The XAUUSD pair briefly climbed to $1,875 last week but failed to preserve the upside momentum and retreated back to the flat-line. At this stage, gold prices struggle around the 20-SMA, also holding just above the 200-DMA that has been capping losses these days. Should this moving average, today at $1,842, give up, the yellow metal may see a deeper drop towards $1,830 in the near term.
Now, the market focus shifts to the upcoming US CPI report that will provide fresh hints on the Fed’s rate hike guidance. As such, gold prices will be affected by the release through the dollar’s reaction. Should the figures exceed expectations, the greenback will rally across the market, thus pressuring gold further.
In a wider picture, the bullion remains vulnerable as well, but rising economic concerns will continue to cap the downside.
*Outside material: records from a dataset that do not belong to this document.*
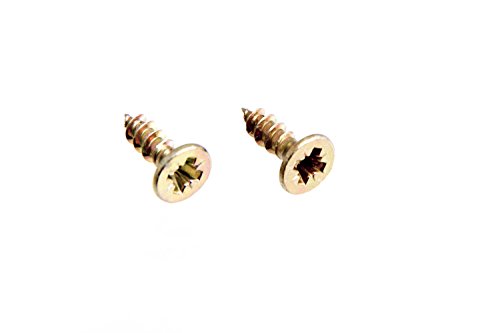 Vis cruciformes 3.5x12mm acier jaune pour fixer vos charnières et monter vos meubles
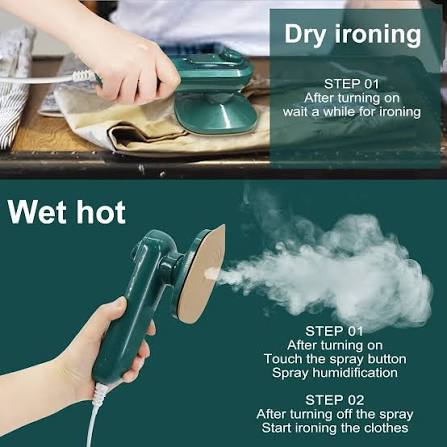 Portable Steam Iron – Mini Travel Iron with Spray, Steam & Dry Ironing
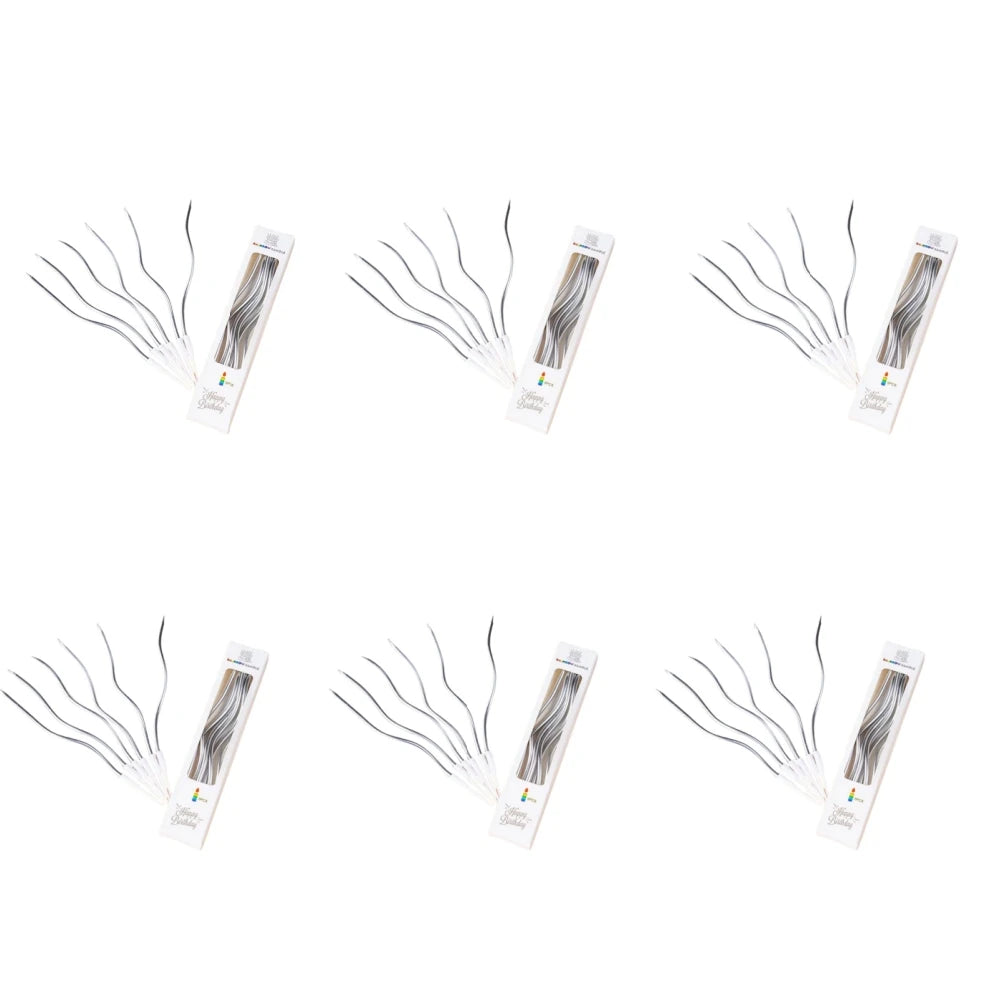 bougies flexibles bougie d'art beeswax flamme colorée violet doré rose vert blanc rayures ondulées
On the weekly charts, XAUUSD keeps flirting with the 100-SMA since last month, with the key support arriving at $1,830, followed by the $1,800 handle and mid-May lows in the $,785 zone.
The dollar itself has settled above the 103.00 figure after yesterday’s rally that was triggered by a plunge in the euro in the aftermath of the ECB meeting. Equity markets also came under pressure as the central bank expressed a more hawkish view of its monetary policy, making investors worried about the state of the struggling Eurozone’s economy.